A man trapped in an endless sterile subway passageway sets out to find Exit 8. The rules of his quest are simple: do not overlook anything out of the ordinary. If you discover an anomaly, turn back...
When you come across a movie like “Exit 8” that takes you back by surprise like this, you do have to step back and wonder if such a surprise was due to the expectations you set for yourself. Did it meet or surpass expectations? Did it succeed in spite of other frustrating elements that were added?
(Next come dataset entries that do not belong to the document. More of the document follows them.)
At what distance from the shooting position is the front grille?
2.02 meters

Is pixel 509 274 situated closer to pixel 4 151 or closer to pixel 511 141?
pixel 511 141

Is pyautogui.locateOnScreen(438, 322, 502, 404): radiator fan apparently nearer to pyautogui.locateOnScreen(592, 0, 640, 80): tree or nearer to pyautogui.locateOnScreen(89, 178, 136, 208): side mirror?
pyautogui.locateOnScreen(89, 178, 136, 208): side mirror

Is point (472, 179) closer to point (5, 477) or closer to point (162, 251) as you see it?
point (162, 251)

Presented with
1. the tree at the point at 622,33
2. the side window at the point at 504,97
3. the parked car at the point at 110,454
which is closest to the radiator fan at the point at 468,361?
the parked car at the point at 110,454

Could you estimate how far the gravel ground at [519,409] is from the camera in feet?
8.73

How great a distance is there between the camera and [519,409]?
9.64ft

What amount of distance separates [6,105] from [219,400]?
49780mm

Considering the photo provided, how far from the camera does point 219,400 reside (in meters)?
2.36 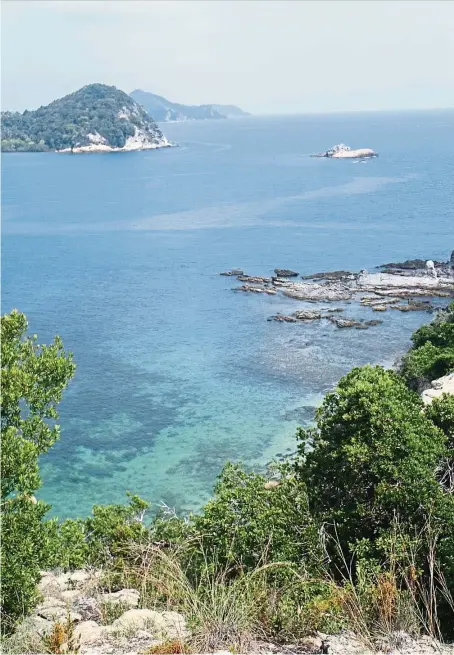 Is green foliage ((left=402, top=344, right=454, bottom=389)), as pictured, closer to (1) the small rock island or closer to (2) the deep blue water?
(2) the deep blue water

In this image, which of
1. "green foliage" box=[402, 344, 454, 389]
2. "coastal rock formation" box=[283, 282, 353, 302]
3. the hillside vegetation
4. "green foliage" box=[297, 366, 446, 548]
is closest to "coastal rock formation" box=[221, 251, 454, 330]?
"coastal rock formation" box=[283, 282, 353, 302]

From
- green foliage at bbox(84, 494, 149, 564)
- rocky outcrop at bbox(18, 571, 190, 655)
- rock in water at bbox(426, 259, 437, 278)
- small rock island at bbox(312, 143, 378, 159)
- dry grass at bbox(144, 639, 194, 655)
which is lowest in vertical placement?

Does it live up to the source material while standing out as its own thing?
Short answer: yes.
Genki Kawamura is well-versed enough in restraint and practicality to where the need to call attention to himself simply isn’ t necessary; all his direction is is punctilious and quietly confident, the kind that reveals itself only in retrospect—you don’t notice the hand guiding you until you’re already somewhere you didn’t expect to be. Drawing comparisons with Vincenzo Natali's 1997 minimalist horror, Cube feels inevitable and earned; the difference is Kawamura balances the geometry while prioritizing emotional depth alongside visceral horror.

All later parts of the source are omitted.